Why doesn't the fundamental theorem of Galois theory apply to the extension $\mathbb{Q}(\sqrt[5]{3})$? I understand that this field is not a splitting field for any polynomial, as it does not contain the roots of unity.  If we had something like $\mathbb{Q}(\sqrt[5]{3}, \gamma)$, where $\gamma$ is a primitive fifth root of unity, the theorem would apply, as then the field would be a splitting field of $x^5 - 3$.  So basically, we need a root of unity to be there, but I'm not sure how to put this in formal terms.  
 A: As mentioned in the comments, $\mathbb{Q}(\sqrt[5]{3}) \supset \mathbb{Q}$ is not a Galois extension because it is not a splitting field of $x^5-3$, the minimal polynomial of $\sqrt[5]{3}$. You need the extension field to be a Galois extension, or equivalently a normal and separable extension, for the fundamental theorem of Galois theory to apply. Your extension $\mathbb{Q}(\sqrt[5]{3}) \supset \mathbb{Q}$ is separable but not normal. To show this, you need only to find a single polynomial that is irreducible over $\mathbb{Q}$ and has a root in $\mathbb{Q}(\sqrt[5]{3})$, but doesn't split completely over $\mathbb{Q}(\sqrt[5]{3})$. The polynomial $x^5-3$ is your example of this.

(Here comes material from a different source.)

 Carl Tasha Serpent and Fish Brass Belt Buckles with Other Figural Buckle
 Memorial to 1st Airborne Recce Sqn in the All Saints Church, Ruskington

You can also realize that the Galois correspondence can't really apply here be because since $\mathbb{Q}(\sqrt[5]{3}) \supset \mathbb{Q}$ is not Galois, if we were to consider $\operatorname{Aut}_{\mathbb{Q}} \mathbb{Q}(\sqrt[5]{3})$, the fixed field is of these automorphisms is more than just $\mathbb{Q}$ by definition so the corresponding towers of intermediate fields and subgroups of $\operatorname{Aut}_{\mathbb{Q}} \mathbb{Q}(\sqrt[5]{3})$ would be off.